D’Arcy Williams spent 35 hours shoveling away the aftermath of the massive DC snowstorm, and the Wilson High School graduate and Chevy Chase DC resident donated all the proceeds–a not-too-shabby $1,800–to help resettle refugee families in Washington.
Williams says he started planning Shovels for Refugees about three months ago, even before it began to feel like winter and the mild weather patterns kept him wishing for snow.
“Be careful what you wish for,” said Williams of the historic storm that finally landed. “But we’ve had the shovels ready. We were ready for this to come.”
Williams’s friend Sanam Aghdaey put in work for the refugee cause in her McLean neighborhood, and drove in to DC last Monday to help him. Though Williams tried to gather a larger group of friends for the fundraiser, many of his friends were snowed in too far away to join him, making the fundraiser a two-person job at best.

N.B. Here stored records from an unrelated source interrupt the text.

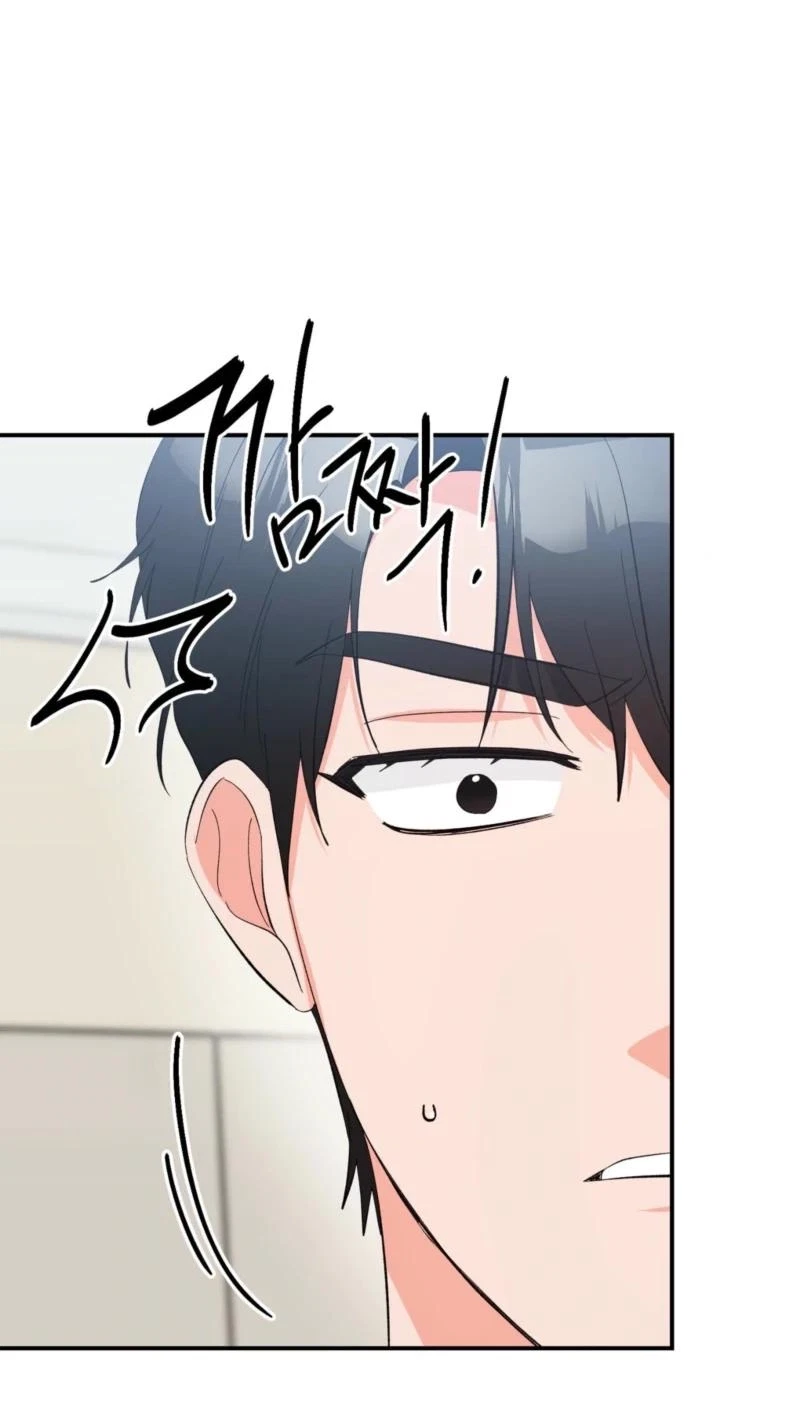Chapter 22, page 74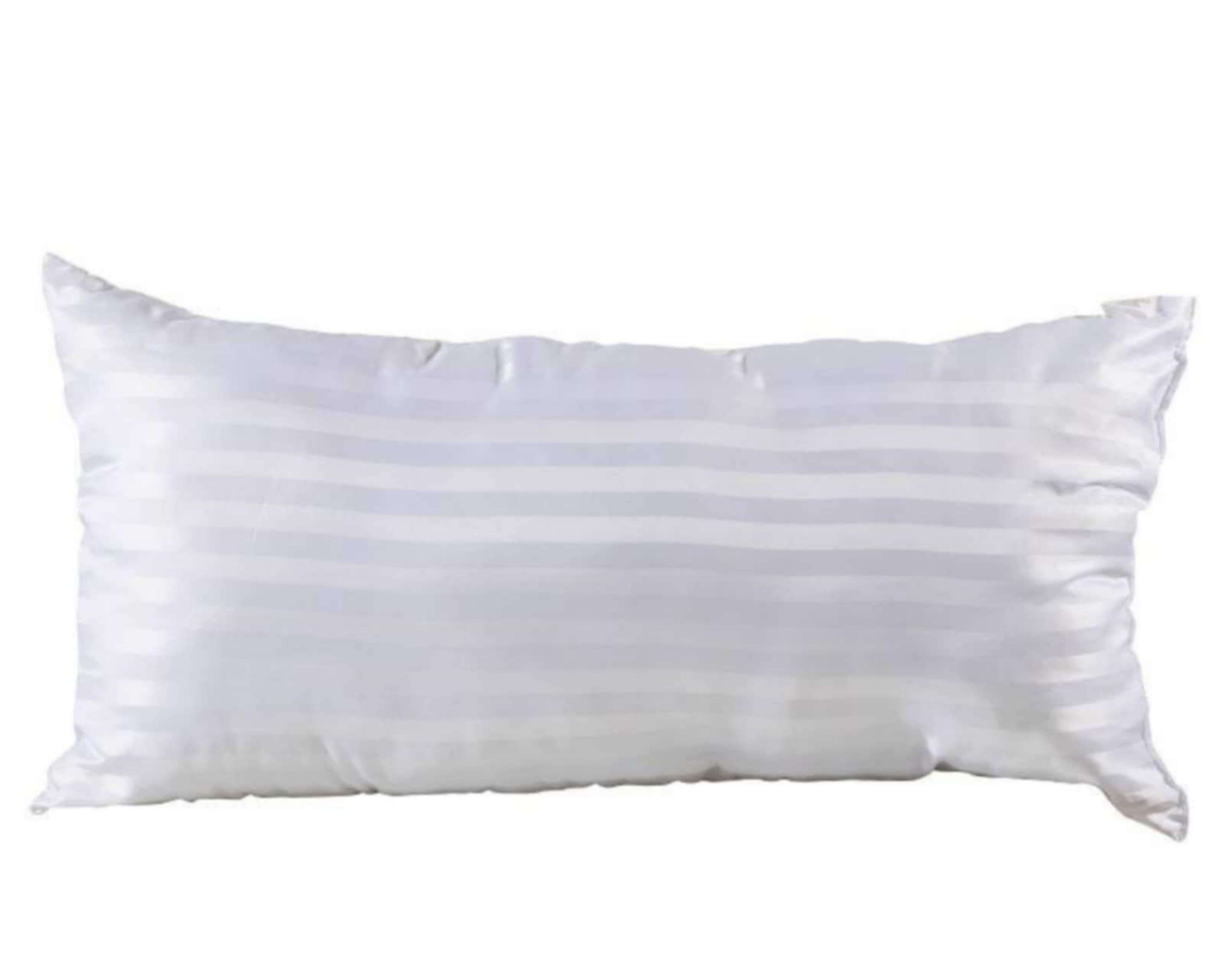 Foto 3 pulgar | Almohada Goldream Relax King Size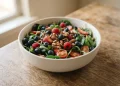 Foods You Should Eat Everyday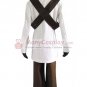 Axis Powers Hetalia Canada Custom-made anime Cosplay Costumes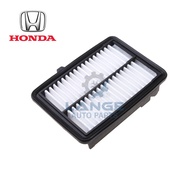 HONDA VEZEL JAZZ BRV FIT CITY FREED Shuttle HRV GRACE Ballade AIR filter 17220-5R0-008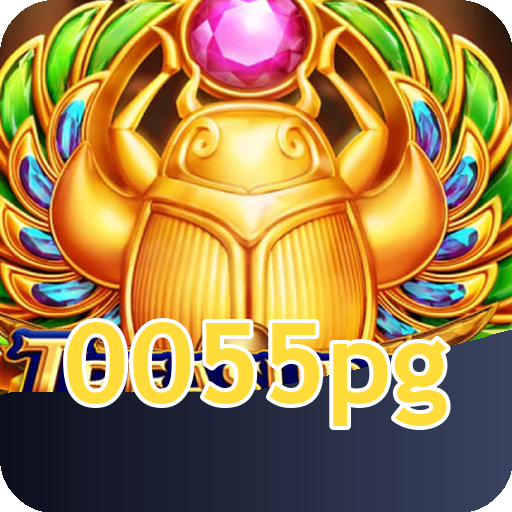 Fortune Tiger Jackpot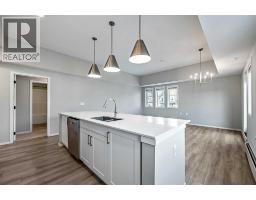 402, 140 Mahogany Street SE - photo 7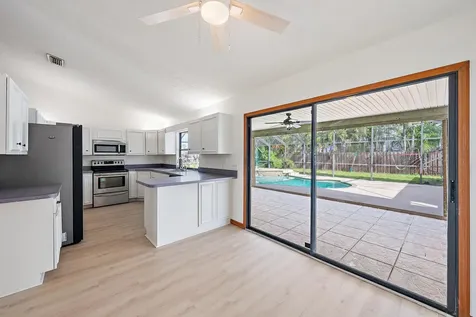 489 SE Evergreene Terrace Port Saint Lucie FL 34983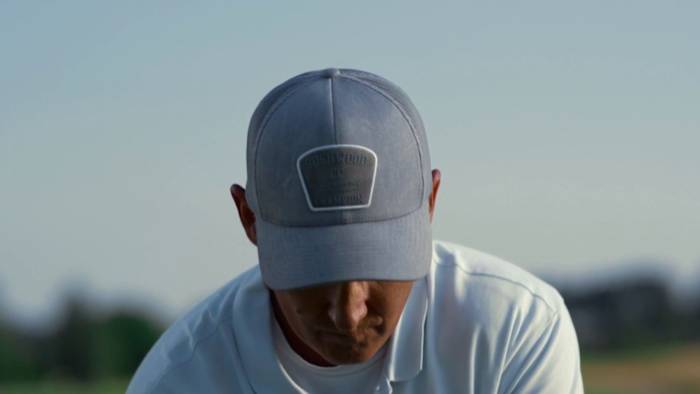 Can wearing a hat cause hair loss? What studies and dermatologists say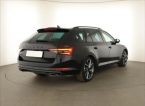 Škoda Superb - fotka číslo 4
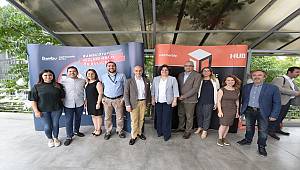 Başvurular devam ediyor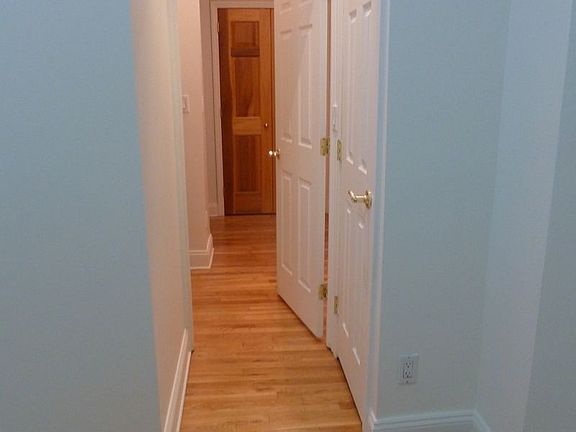 4th image of 241 W 108th St APT 2E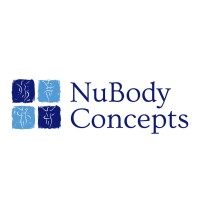 Nubody Concepts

Williams mentioned one particularly daunting task–a neighbor had cleared up a driveway with a snow plow but had piled away the snow “up to eye level” on the sidewalk. Once he had cleared the way, approximately six feet tall and wide, “it felt like the sea of Moses coming in on you.”
But all the hard work was worth it for Williams and Aghdaey, whose lowest donation was $75 throughout the weekend. Williams said that most people would prefer to shovel their own property, but “everyone’s very keen to help” when they find out the money is for a good cause and it helps them do away with a dreaded winter task.

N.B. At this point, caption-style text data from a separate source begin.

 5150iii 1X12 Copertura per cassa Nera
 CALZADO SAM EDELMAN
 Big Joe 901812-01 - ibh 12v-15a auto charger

All the money accrued from clearing up sidewalks, front paths, driveways, and cars from snow in Northwest DC will go to the International Rescue Committee’s local offices in Silver Spring. Williams, who grew up in Ghana and studied international development at McGill University in Montreal, said that as a DC resident without a vote in Congress, this fundraiser “is a way to stand up against the anti-refugee rhetoric that’s been going on.”

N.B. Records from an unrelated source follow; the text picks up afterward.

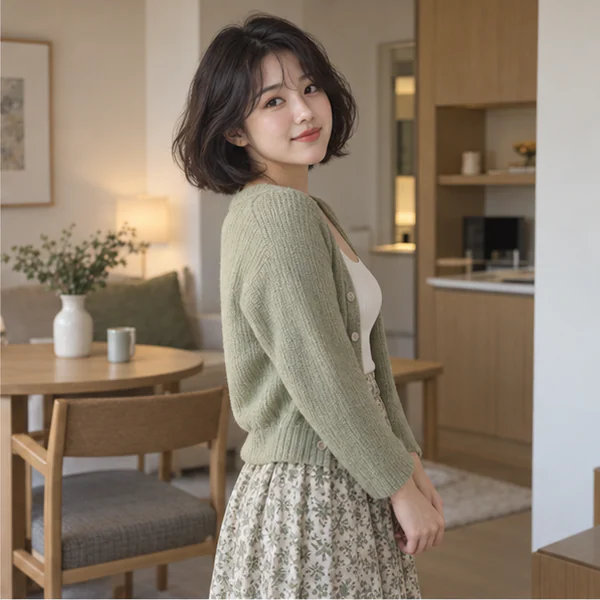 아로마 가을포레스트 마사지 제휴업체 이미지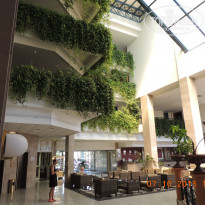 фото из отзыва ID 1857505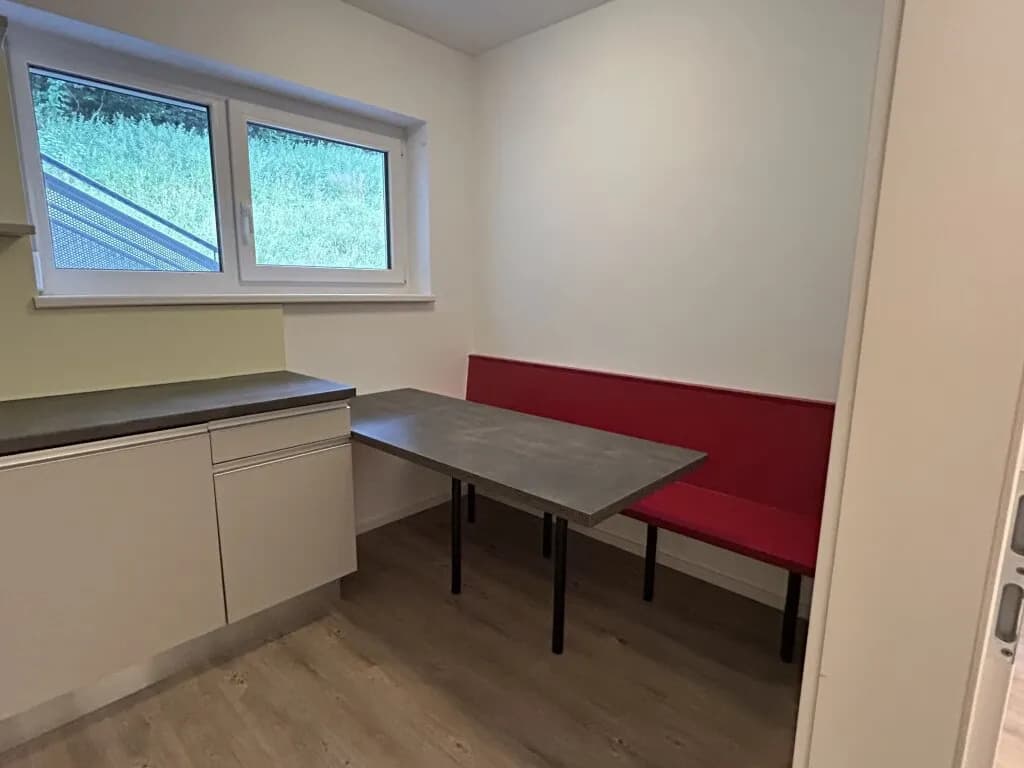 4-Zimmer-Wohnung mieten in Graz – 77,75 m², € 1.127 – Bild 8 von 17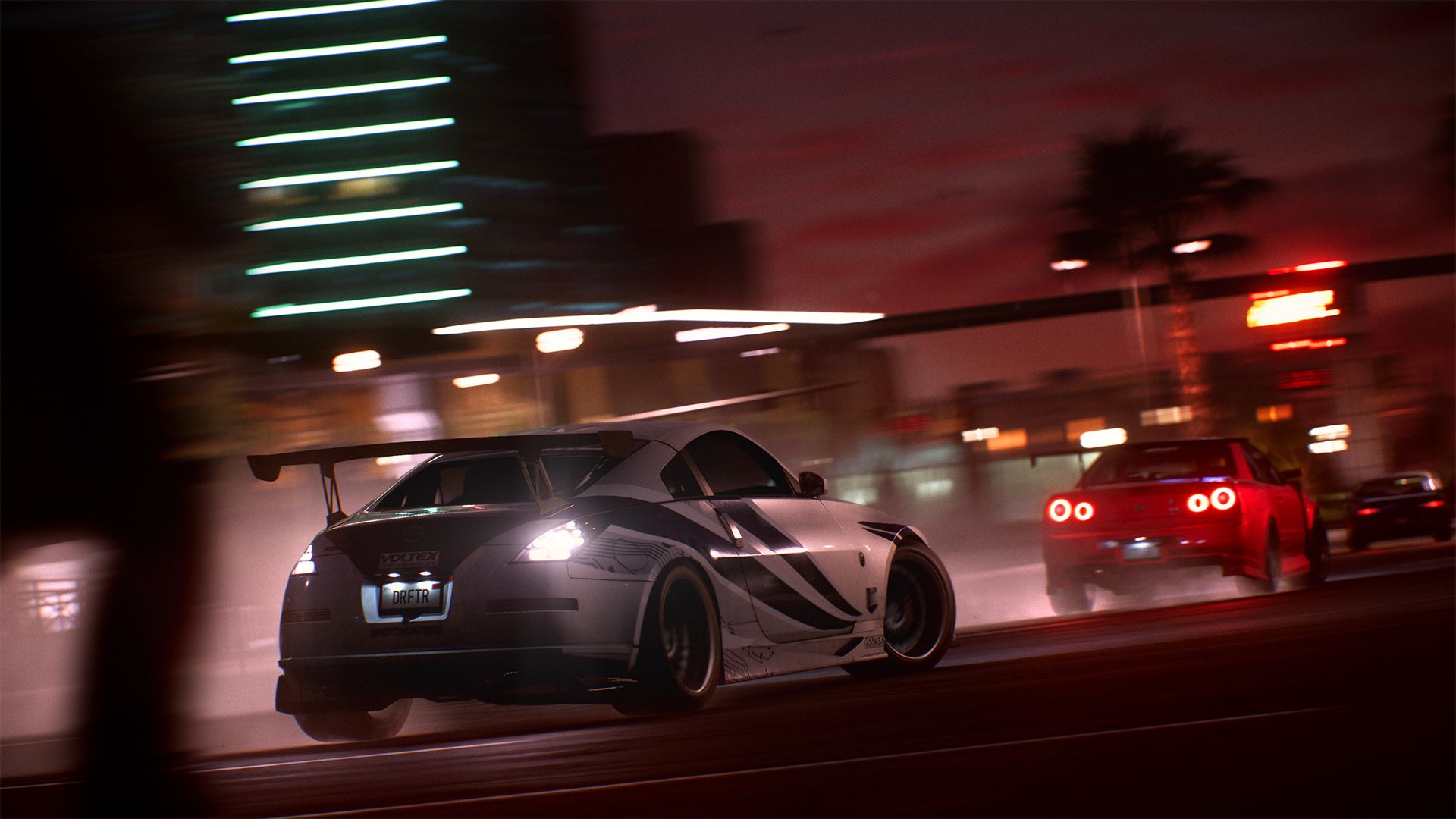 1520850328 538 need for speed payback torrent download - Need for Speed Payback Torrent Download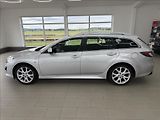 Mazda 6 2,0 i, klimatizace, tažné zař. - náhled 8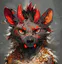 Avatar of Dekaidin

By teaming up with the international rescue mission, the fundraiser will help displaced families get back on their feet with counseling, job placement, language classes and cultural assimilation.
“A lot of the attention that the refugee problem gets is from the atrocities that are happening overseas and what the refugees are fleeing, but people don’t realize that a lot of the struggle is really far from over once they move to another country,” said Williams.
He hopes that Shovels for Refugees will grow into a greater movement that fundraises during future snowfalls. He said that “the opportunity to raise money for a good cause is literally falling from the sky”
Sure, it was cold, and Williams says his body was tired as he concluded the first installment of Shovels for Refugees, but “lots of bubble baths and Advil” (courtesy of his mother) will alleviate any temporary aches and sprains.
“The suffering that we’re feeling right now doesn’t compare to the suffering that other people in refugee situations feel on a regular basis,” said Williams. “It’s really just a way to show support, as little as we can.”